State bureaucrats keep the governor from backing any reasonable measure by pointing out that the North Slope producers are still spending money here and oil patch employment is holding at a fairly high level.

But the work being done is maintenance projects — most of it to reduce corrosion, replace pipe, prevent spills and bolster production as the existing fields decline. Little to nothing is being spent on new exploration.

Though Gov. Sean Parnell and his people point to industry’s current spending as a good thing, the high level of maintenance expenditures is just more proof than anyone should need that the big North Slope fields are nearing the end of their productive life. In declining fields each barrel is more costly to produce than the one before.

With volumes going down and costs going up, the fields become less profitable all the time. High oil prices can mask the problem for a time, but Alaska loses competitive position no matter what the cost of crude does. If your taxes are higher than your competitors’ you lose.

A bill introduced by Rep. Craig Johnson, an Anchorage Republican, would tie ACES relief to local hire. That’s a good start and a good idea, but leads to the inevitable snide calculations on how much each job costs the state. The calculations are reasonable, but the important thing is that ACES reduction (or elimination) would do much to revive Alaska’s prospects as an oil province.

Without some such relief, the state can count on becoming a formerly active oil province, a thing of the past to those with money to invest. The direction of Alaska’s economy is inevitably down and down — and Gov. Nero and his Roman legislators will be fiddling while it burns. The slide won’t necessarily be steep at first, but its direction is frightening and will make the difference on whether our children and grandchildren will be able to live and work here.

It will be years before the trans-Alaska oil pipeline shuts down. Even when the line starts losing money, as it inevitably will, throughput could continue at a fairly low level if the producers can make a few bucks on the upstream or downstream sides. (Meaning they might lose money on pipeline operations but getting the oil from the Slope to market could offset those losses for a while.) They have an expensive infrastructure here and aren’t about to walk away from it.

However, money-losing pipeline operations and fading oil fields will mean ever declining production and, ultimately, much lower state revenues. At some point the Alaskan economy could be sucking wind (and I don’t mean the green kind that runs windmills).

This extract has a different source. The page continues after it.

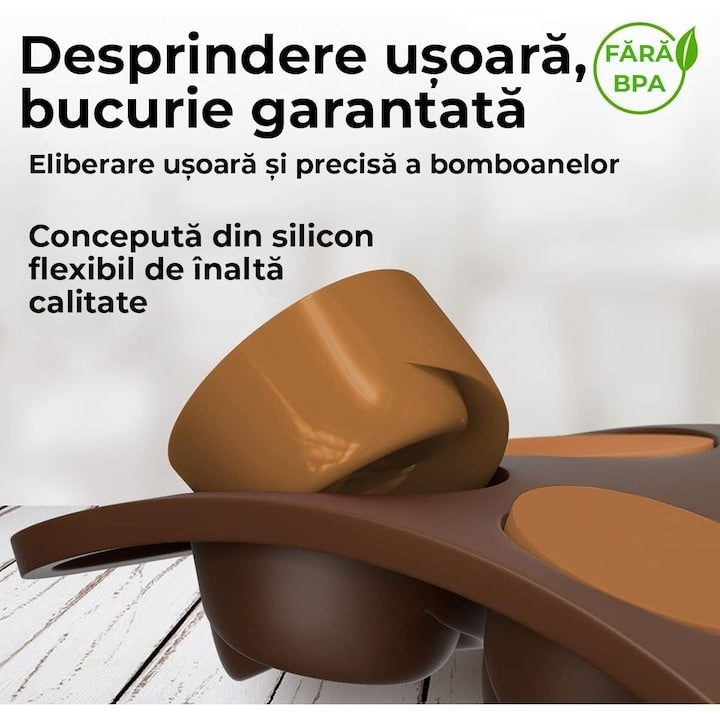 Set 4 Forme Ciocolata Silicon, Antiaderente, Flexibile, BPA Free, Pentru Bomboane, Pralitine, Gheata, Maro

Parnell says everything is just hokey-dokey and state oil revenues remain high. He claims the big thing holding back industry investment these days is the damage done to producer balance sheets by problems in the world economy. Industry people refute that and say their investments make more money if sent to other oil patches — the Gulf of Mexico being just one of them.

There is still hope for a gas pipeline moving ahead in a few years and that could help a lot, especially during the construction phase. But we need to be worried big-time about the ebbing interest in exploratory drilling on lands under state jurisdiction. That is where the Legislature could make a big difference.

Sensible oil patch managers would increase the attractiveness of Alaskan oil exploration investments by allowing investors to keep more of the money earned from their operations here.

But Alaskan legislators — some of whom seem determined to vote Alaska back to the Stone Age — think it is Alaska’s birthright to take and keep the lion’s share of whatever the explorers earn.

That might be fine if it didn’t mean the bucks would go elsewhere, though I object to it on general principles. Government should take a share, but that share should be low enough to encourage more exploration, more drilling, more production and more job creation.

Alaska is a competitor in the international oil market, but it’s in a high-stakes poker game and playing bingo.